[Data block Boundary: Start]
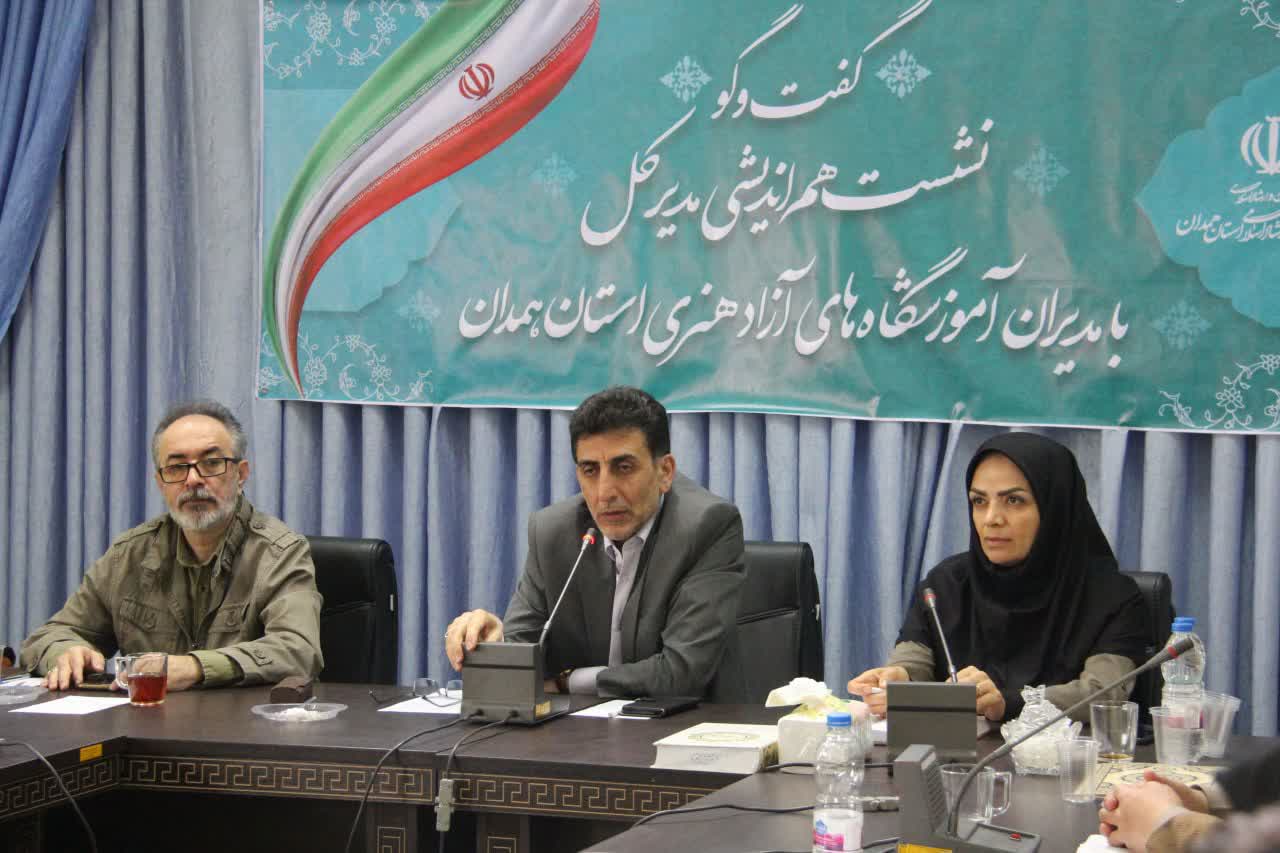 برگزاری نمایشگاه هنرهای تجسمی در همدان کم‌رنگ شده است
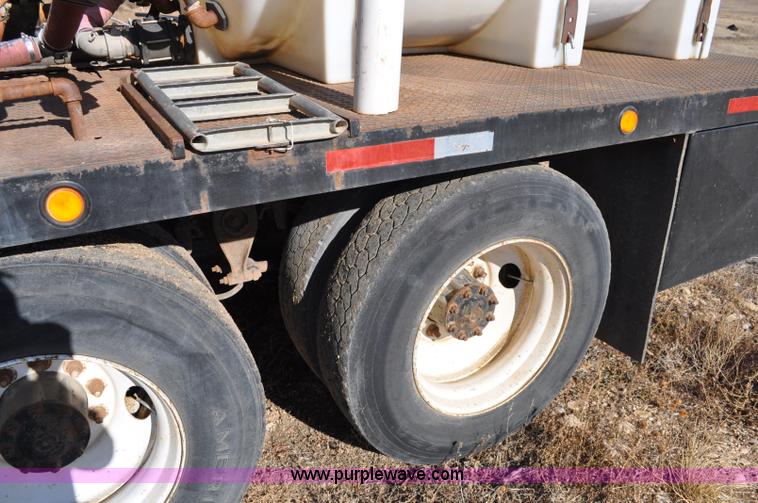 image for item C3209 1989 Freightliner FLD boring support truck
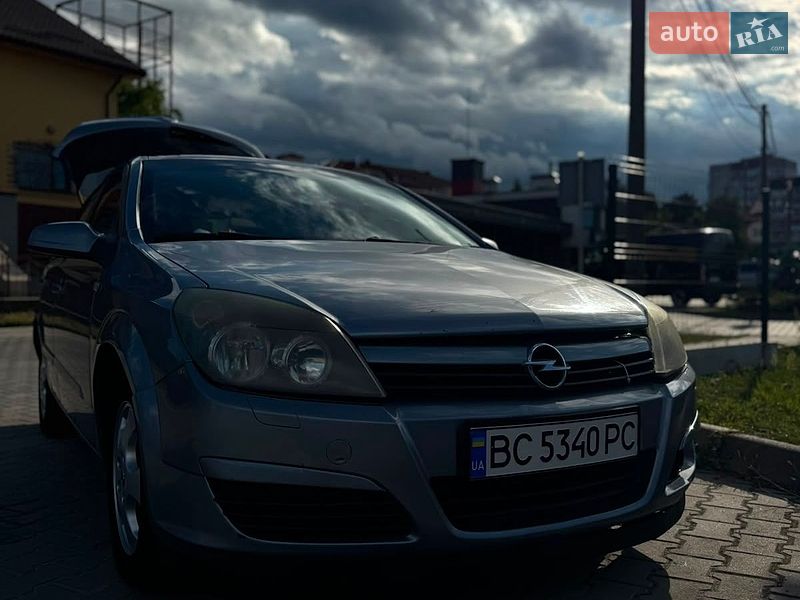 Хэтчбек Opel Astra 2005 в Новояворовске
[Data block Boundary: End]
> **Task brief**
Pictures aside, reproduce exactly the lines from the one containing "image for item" to the end of the listing above, both ends included.

> **Response to this task**
 image for item C3209 1989 Freightliner FLD boring support truck
 Хэтчбек Opel Astra 2005 в Новояворовске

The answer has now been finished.